__Stored data__.
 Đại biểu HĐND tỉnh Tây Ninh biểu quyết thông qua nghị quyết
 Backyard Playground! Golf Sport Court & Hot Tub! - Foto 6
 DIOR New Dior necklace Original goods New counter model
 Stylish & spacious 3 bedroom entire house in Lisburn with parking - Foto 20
==
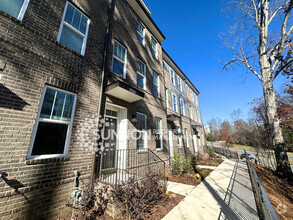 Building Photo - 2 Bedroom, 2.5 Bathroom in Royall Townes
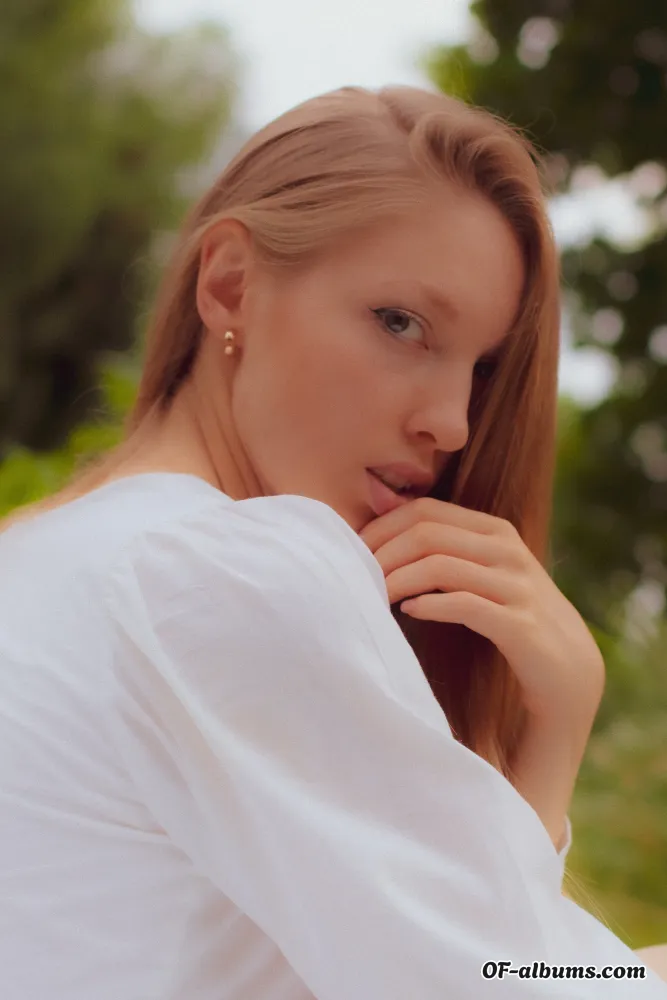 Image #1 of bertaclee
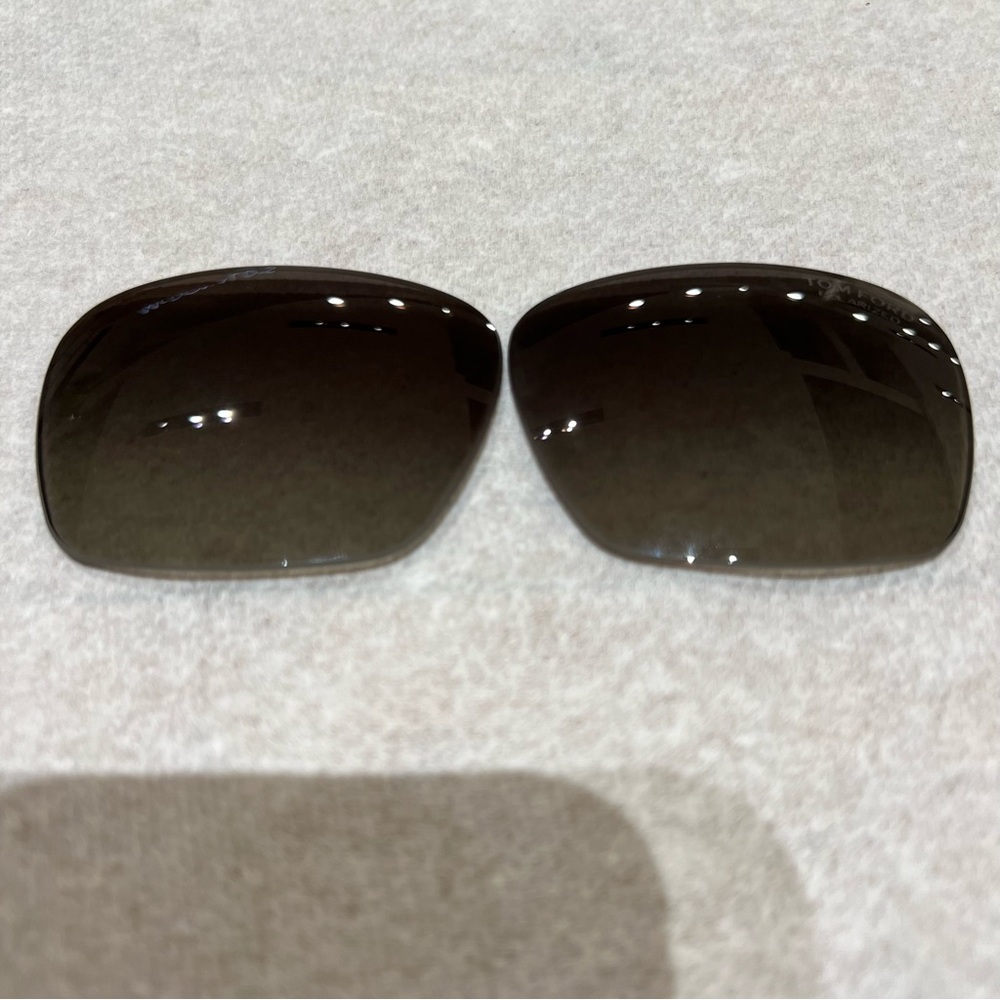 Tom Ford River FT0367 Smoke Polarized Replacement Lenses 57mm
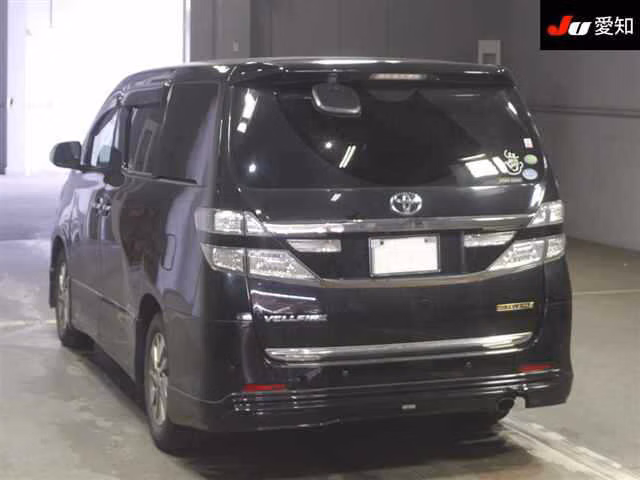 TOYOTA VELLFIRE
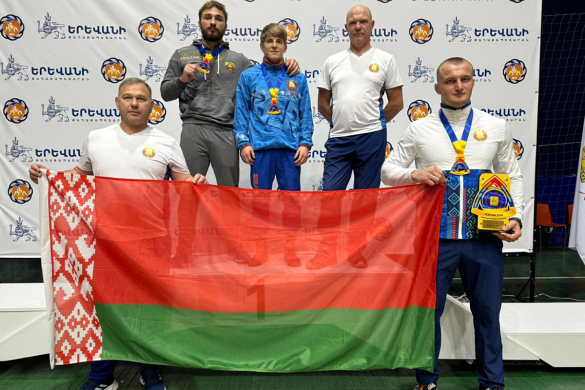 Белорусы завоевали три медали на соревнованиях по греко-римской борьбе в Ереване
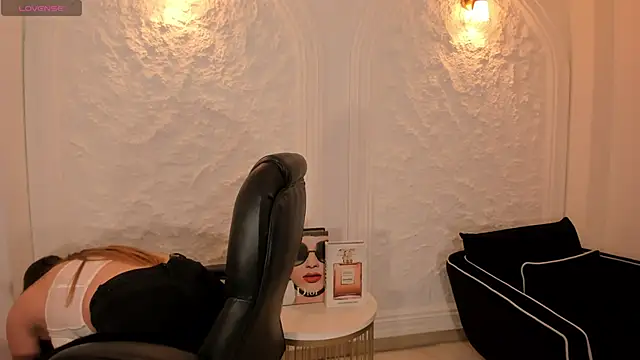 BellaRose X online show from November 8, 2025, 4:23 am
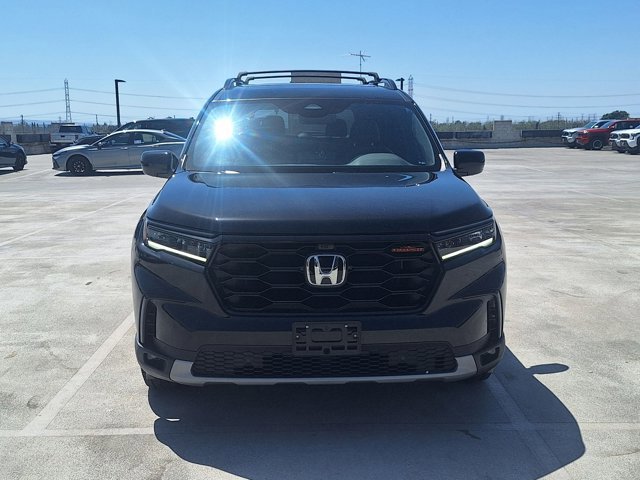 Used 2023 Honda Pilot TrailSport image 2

__Directions__. The answer should be one number: how many lines in the listing above contain "Foto".

__Answer to the problem__. 2